Del Águila, alto y enjuto, trajeado en negro, me enseña orgulloso el dedo que demuestra que el “gran jefe” le echaba tantas horas al trabajo como el que más, y comienza a señalar “ese es el primer crédito que concedimos y eso…” y así sigue detallándome lo que puede verse en la vitrina del Centro Cultural en el edificio de Las Mariposas.
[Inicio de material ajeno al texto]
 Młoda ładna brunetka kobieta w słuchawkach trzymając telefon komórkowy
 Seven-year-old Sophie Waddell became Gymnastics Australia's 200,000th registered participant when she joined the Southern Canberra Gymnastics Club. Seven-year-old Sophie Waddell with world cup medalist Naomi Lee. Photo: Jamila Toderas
Allí puede observarse también la primera tecnología, o comoquiera que se denomine a esos extraños aparatos que debieron ser calculadoras o algo así, más desconocidas desde luego que las viejas máquinas de escribir que se ven al otro lado, y que tal vez aliviaron los dedos de alguno.
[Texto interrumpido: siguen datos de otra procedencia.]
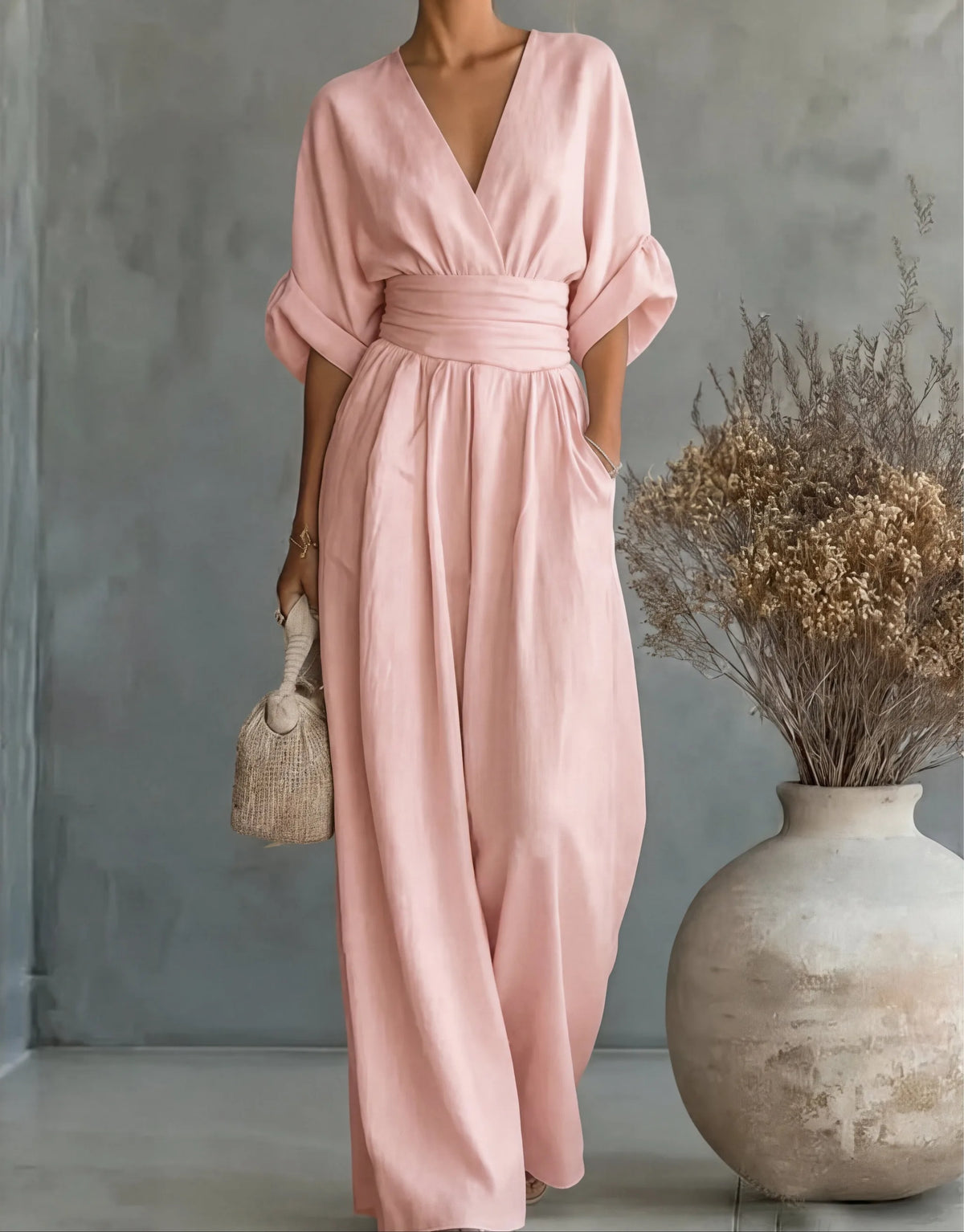Burgundy jumpsuit styled with a woven handbag for a café outing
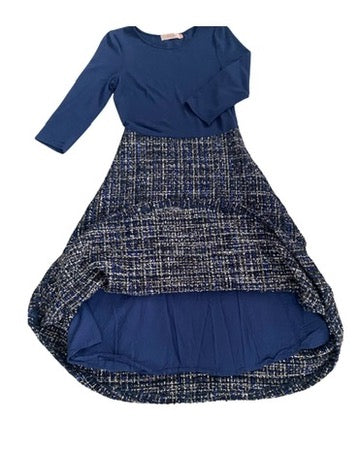 Two-tone dress with blue top and patterned skirt on a white background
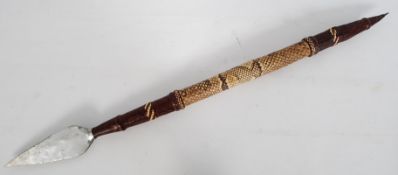 An African spear being double ended. Covered with hide and snakeskin being finished with other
“Aquí llegaba el ‘murciano’ de turno al parralero, y le decía ‘me llevo tu uva, y ya-te-veré” cuenta Juan del Águila, quien recuerda que “alguna vez… alguna vez… hasta pagaba”. Por eso “la gente se unió en cooperativas” y él mismo, con su ‘seiscientos’, recorrió la provincia de Almería creando o reactivando cooperativas. Prueba de ese movimiento es una página del diario Ideal de la época que también puede verse, haciéndose eco de eso mismo en un reportaje.
Gracias a ellas, “gente atrevida” de aquellos agricultores “que apenas sabían escribir o leer” los que dieron el paso a la comercialización hasta “que encajaban sus productos en Finlandia, o se iban a Bilbao a darse cuenta de que aquellos pimentillos pequeñillos que no servían para nada, se vendían caros allí”. Así surgió todo, recuerda el emérito presidente de Cajamar, que luce en la solapa de su chaqueta negra la insignia de oro de la entidad.
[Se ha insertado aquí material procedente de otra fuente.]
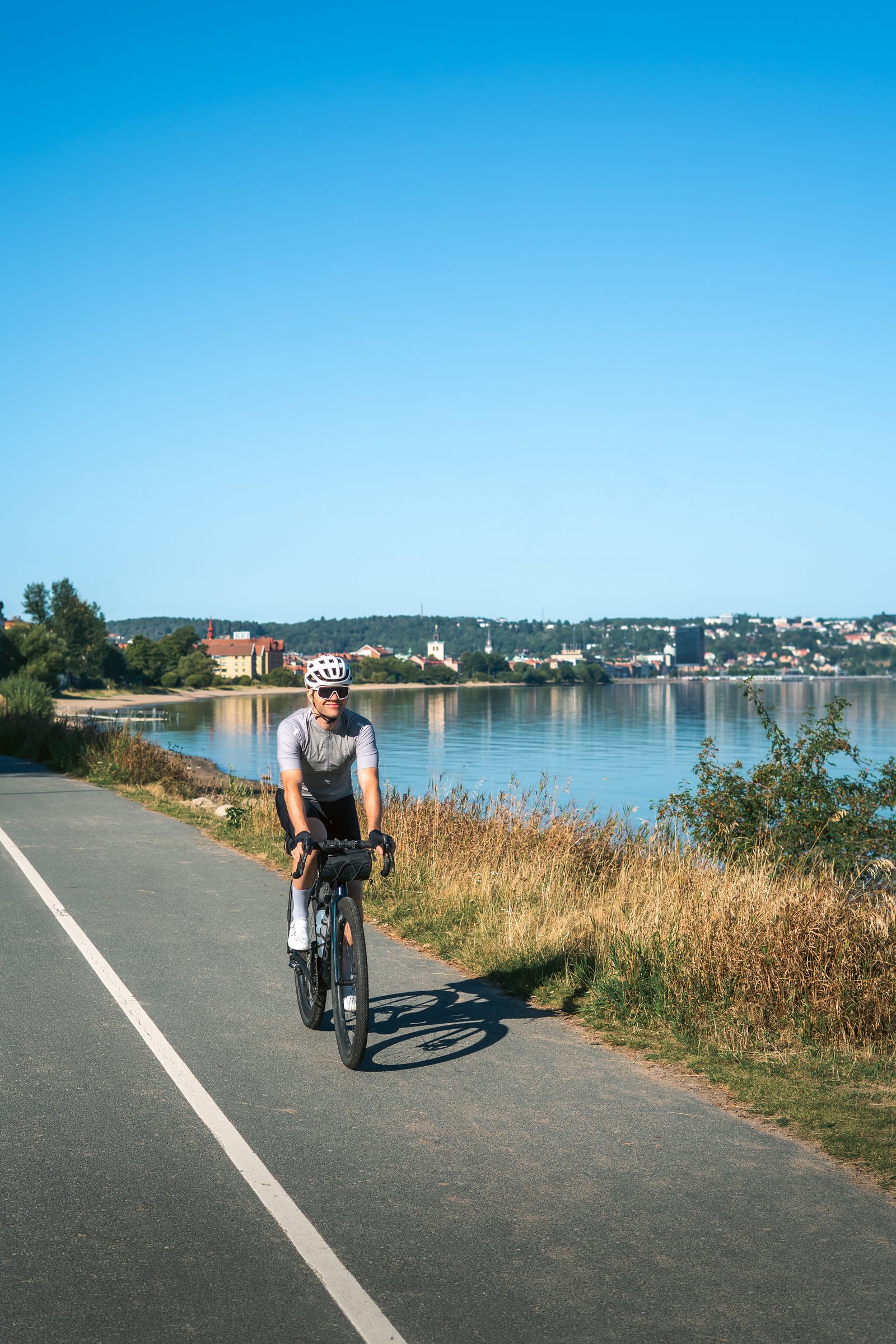 Cyclist riding along the lakeside path out of Jönköping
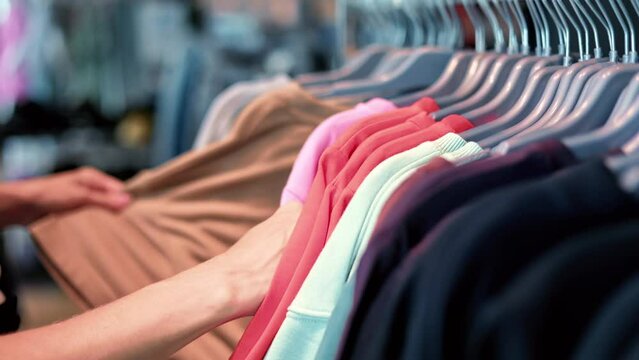 Female hands choosing apparel blouse t shirt hanging on rack at clothes fashion store enjoy shopping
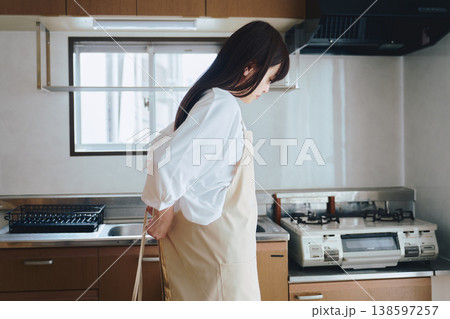 キッチンでエプロンをつける女性 料理前の準備シーン 138597257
“Esos empresarios agrícolas llegaban a un banco, se quitaban la boina, y allí se acababa todo”, narra gesticulando el proceso que, un buen día dejó de reproducirse cuando “creamos este instrumento financiero para servir su actividad”.
Para valorar lo que significó Cajamar en sus inicios hay que ponerse en la época, en los años cincuenta, “cuando venían los de Melilla y nos ganaban a todo, al fútbol, al baloncesto, y aquí no había nada más que pobreza, unos ojos de tristeza”.
Pero han pasado cincuenta años, “el mismo tiempo que Japón necesitó para construir una escuadra y hundir a la rusa”, y aunque “éramos pequeños”, los “cimientos no son de piedras sueltas, de esos primeros empleados, esos primeros consejeros, esos socios… es un bloque de hormigón armado que entrelaza todas las fuerzas de la economía agroalimentaria de Almería” y el sueño es conquistar Perpiñán.
Del Águila vuelve a ponerse nostálgico para explicar por qué quiere plantar una pica en Perpiñán, “todavía seguimos creciendo, con los nuevos rectores” porque hay un espacio que se queda sin atención “ya que debido a la contracción de la economía, la banca se encuentra más en la necesidad de cobrar más comisiones, porque cuando un producto es barato, nadie gana dinero, y hay que buscar otro producto que haga ganar dinero a la empresa”. “La banca al limitarse, va reduciendo el número de oficinas, y la banca no va a los pueblos, y son las cajas rurales las que vamos a aquellos lugares de economía menos atendida” concluye Del Águila, que considera esto “una función social de la que nos sentimos orgullosos”.
Perpiñán era el límite, y para Del Águila debería ser el punto de apoyo del gran salto, ya que “tenemos fuerza de la inercia de nuestros antepasados y no la debemos perder”.